For the US Navy the greatest war prize was surely German diesels, which grossly outperformed anything in US or British service. U 140 was powered by two ten-cylinder MAN four-stroke engines plus two six-cylinder battery-charging engines. The post-war US Navy copied the MAN diesel engine at the New York Navy Yard and installed its version on board many ‘S’ class submarines. Under the provisions of the Versailles Treaty, the Germans were not permitted to export military materiel, so there was no question of license production. US naval intelligence noted angrily that the Japanese had no such scruples (their initial long-range submarines were based on German designs) and within a few years the US Navy was considering buying German naval equipment. This photograph shows the engine room of U 140.

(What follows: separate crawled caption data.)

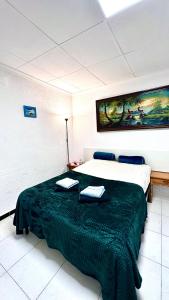 a bedroom with a large bed with a green blanket at Las habitaciones de Svetlana in Alicante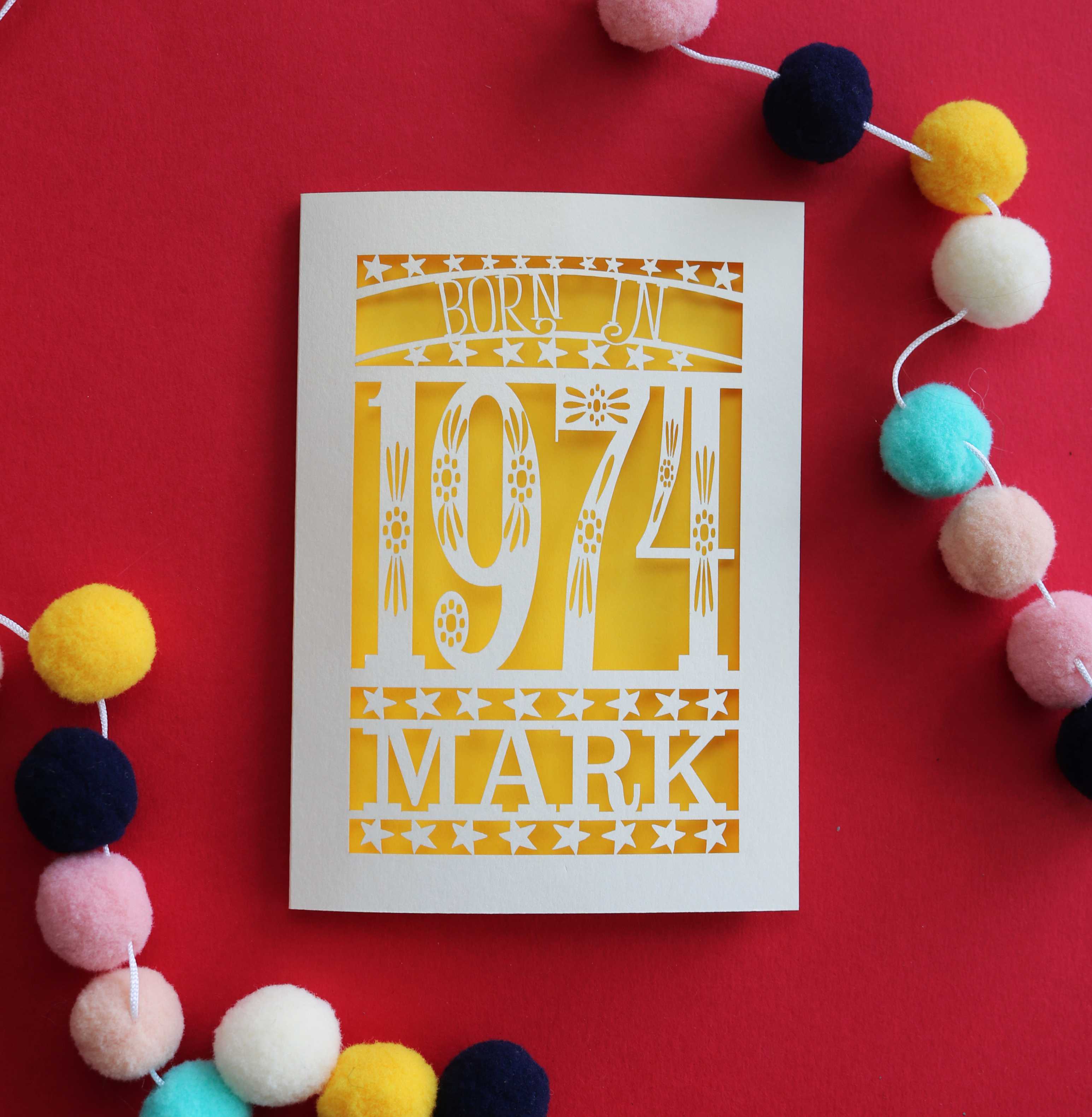 A laser cut birthday card for people born in 1974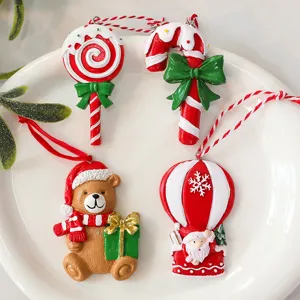 Close-up view of festive resin Christmas ornaments featuring Santa, bear, and candy cane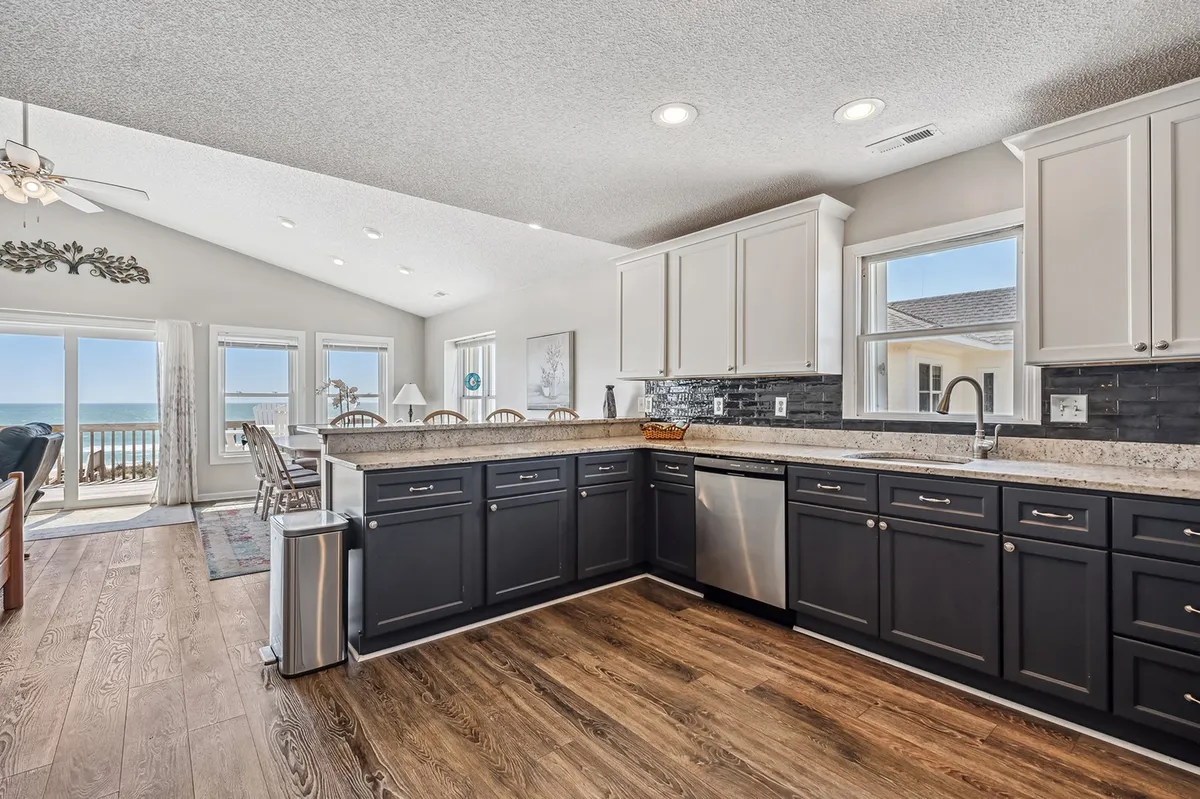 The focus here is a modern kitchen with a central island, sleek cabinetry, stainless steel appliances, and expansive windows showcasing the ocean beyond. The kitchen is bright, inviting, and clearly designed for both meal preparation and social interaction.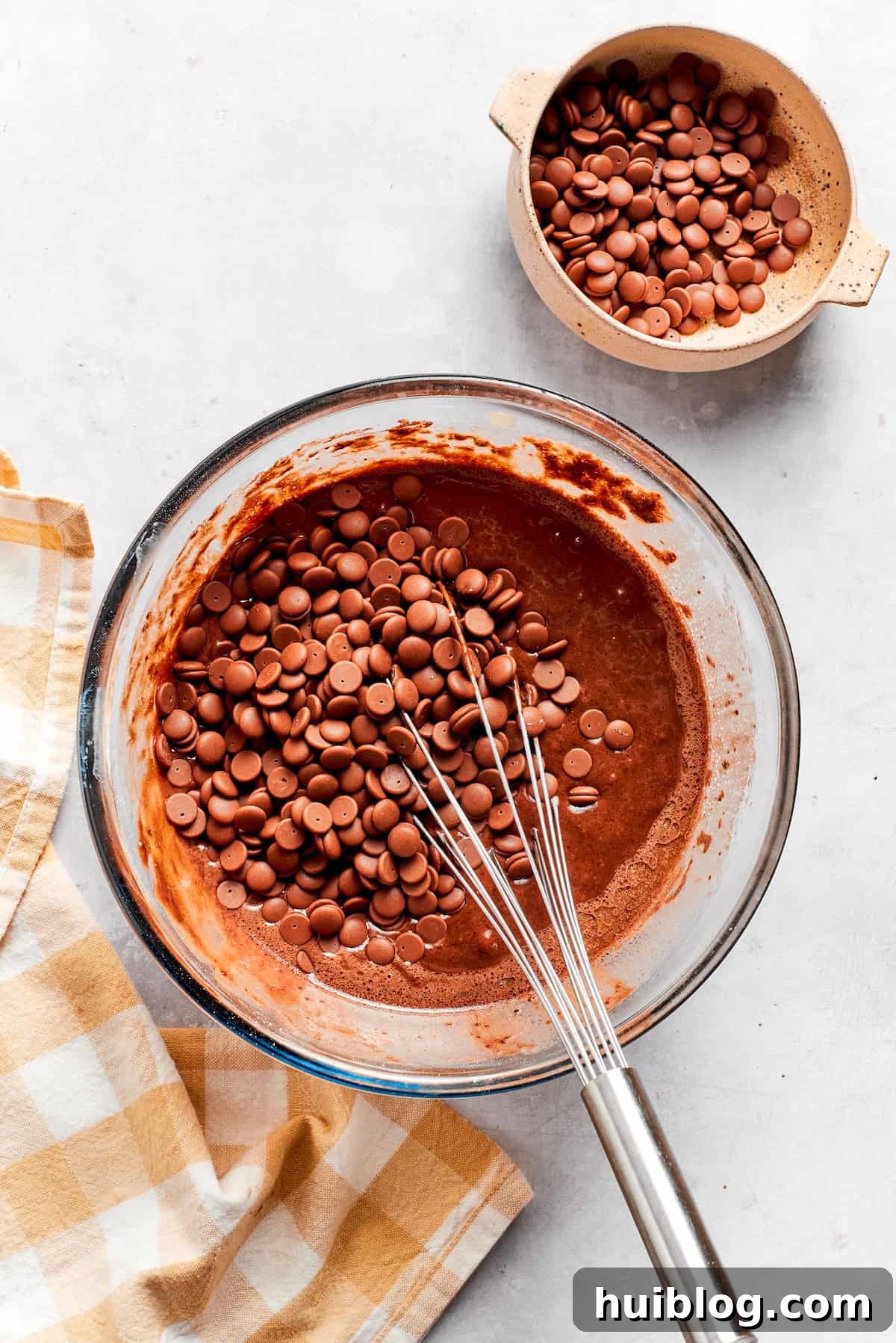 Chocolate chips being folded into the smooth chocolate muffin batter.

By mid-February it seems to have been accepted that the war would continue, even though the effects of the U-boat campaign had not yet been felt. The UI was authorised to let a new round of orders. It designed a larger torpedo-armed version of UE which it called UF, but that mass-production U-boat was rejected by the Navy Office in favour of the current standard Mobilisation type. At the same time six more UE were ordered (U 75–U 80). The new Mobilisation boats were simplified for quicker production, but only three out of the initially projected six (U 63–U 65) were ordered (March 1915).68 Their eleven-month construction time was a German First World War record.69
Germany opened the first unrestricted submarine campaign with a limited fleet; on 1 April 1915 there were only twenty-seven operational ocean-going U-boats. Only boats already under construction could participate; the UI estimated that as late as 1 July 1916 it would have only forty, counting likely losses. At the time, it was estimated that a full blockade of the United Kingdom would require forty-eight U-boats equivalent to the Mobilisation type. To that had to be added twelve for the Baltic and twelve for the High Seas Fleet, under the direct command of the High Seas Fleet U-boat commander (FdU). Given likely wastage, the UI estimated that another thirty-two U-boats would be needed.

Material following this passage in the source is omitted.